THE DATA |
((

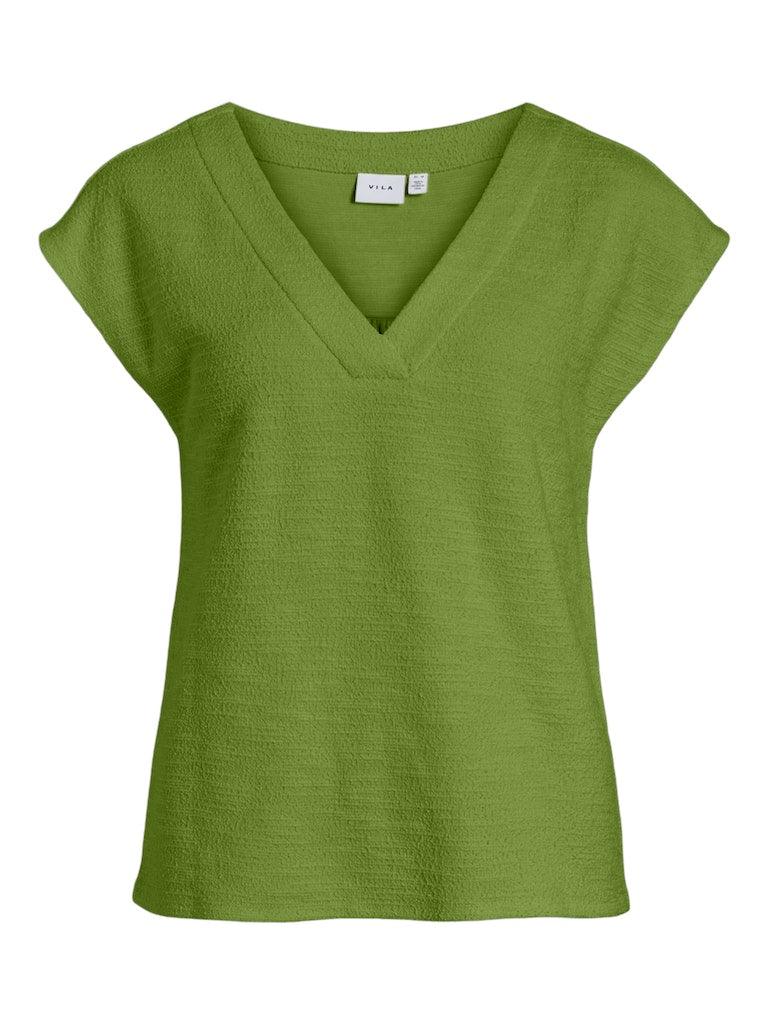 Vila Amy - Top - HUSET Men & Women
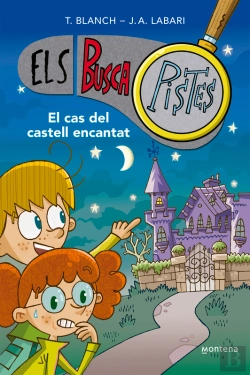 Bertrand.pt - Els Buscapistes 1 - El Cas Del Castell Encantat
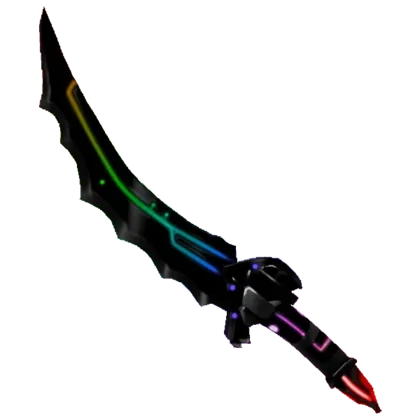 Chroma Slasher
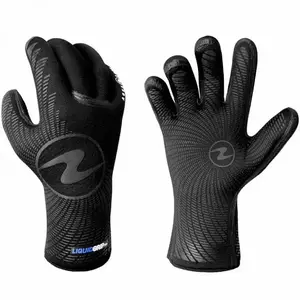 Aqualung Neoprenové rukavice Aqua Lung DRY GLOVES LIQUID 5 mm - XS/6 obraz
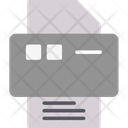 پیش‌نمایش فایل fax-12272427 از پک رابط کاربری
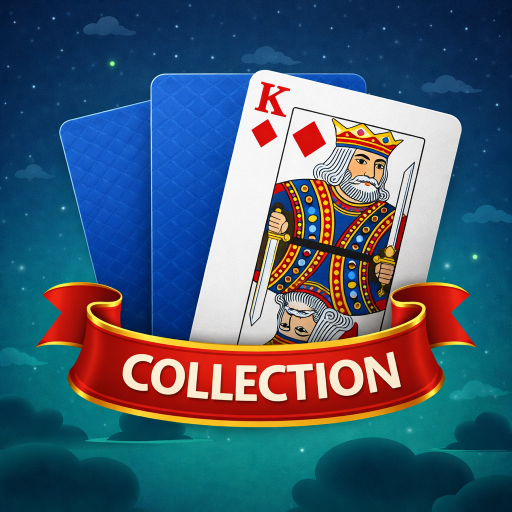 Solitaire Collection Card Game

))

Only the pictures are to be dropped; the rest of the material above must be duplicated exactly.

 Vila Amy - Top - HUSET Men & Women
 Bertrand.pt - Els Buscapistes 1 - El Cas Del Castell Encantat
 Chroma Slasher
 Aqualung Neoprenové rukavice Aqua Lung DRY GLOVES LIQUID 5 mm - XS/6 obraz
 پیش‌نمایش فایل fax-12272427 از پک رابط کاربری
 Solitaire Collection Card Game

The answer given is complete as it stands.